• **Task requirements**: All lines from the one containing "Hotel Tyr Graig Castle" through the end of the data below are to be repeated exactly, with pictures left out.

• **Data excerpts**:
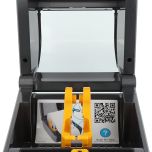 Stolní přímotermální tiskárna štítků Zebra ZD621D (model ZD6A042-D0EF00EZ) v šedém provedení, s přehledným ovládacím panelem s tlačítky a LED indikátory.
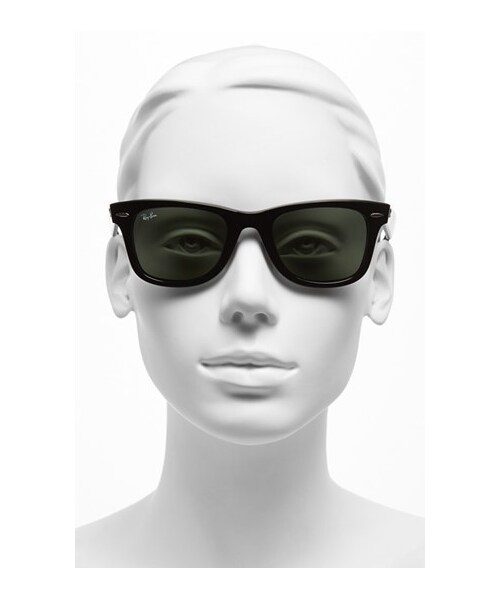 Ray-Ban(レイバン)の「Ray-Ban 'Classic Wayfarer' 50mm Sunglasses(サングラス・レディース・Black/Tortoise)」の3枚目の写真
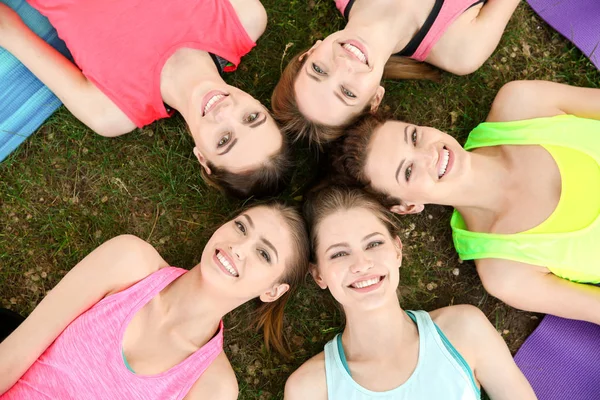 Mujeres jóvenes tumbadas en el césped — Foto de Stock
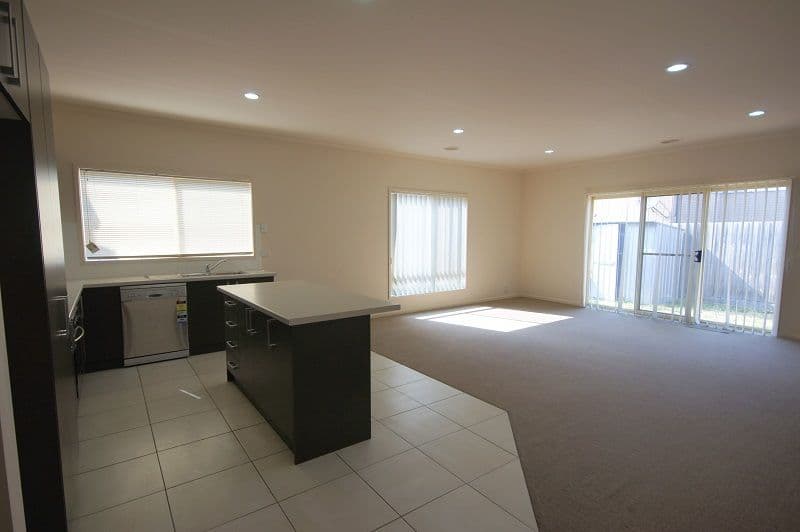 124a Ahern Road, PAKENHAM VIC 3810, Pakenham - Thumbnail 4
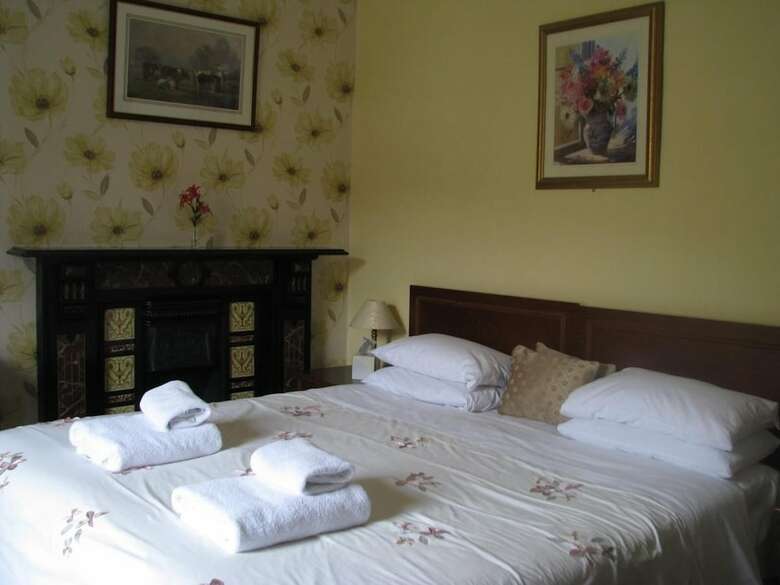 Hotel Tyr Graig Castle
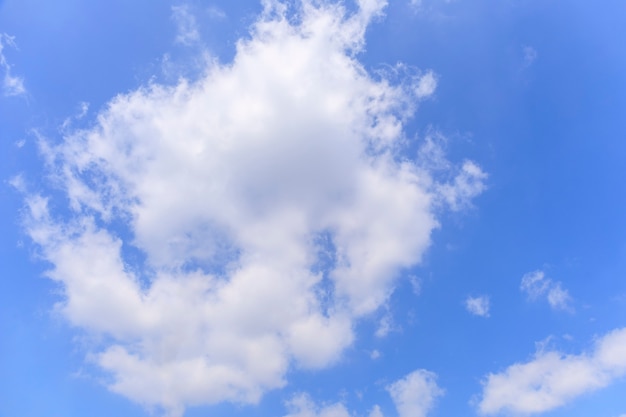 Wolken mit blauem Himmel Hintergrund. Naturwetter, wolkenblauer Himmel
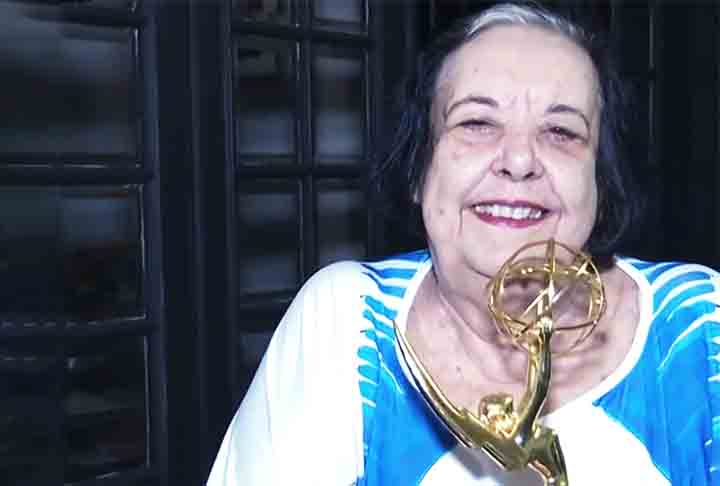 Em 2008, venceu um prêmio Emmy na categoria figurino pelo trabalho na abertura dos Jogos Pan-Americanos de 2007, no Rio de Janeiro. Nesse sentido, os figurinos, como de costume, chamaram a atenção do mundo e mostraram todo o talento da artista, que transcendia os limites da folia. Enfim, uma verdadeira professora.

• **Final answer**:
 Hotel Tyr Graig Castle
 Wolken mit blauem Himmel Hintergrund. Naturwetter, wolkenblauer Himmel
 Em 2008, venceu um prêmio Emmy na categoria figurino pelo trabalho na abertura dos Jogos Pan-Americanos de 2007, no Rio de Janeiro. Nesse sentido, os figurinos, como de costume, chamaram a atenção do mundo e mostraram todo o talento da artista, que transcendia os limites da folia. Enfim, uma verdadeira professora.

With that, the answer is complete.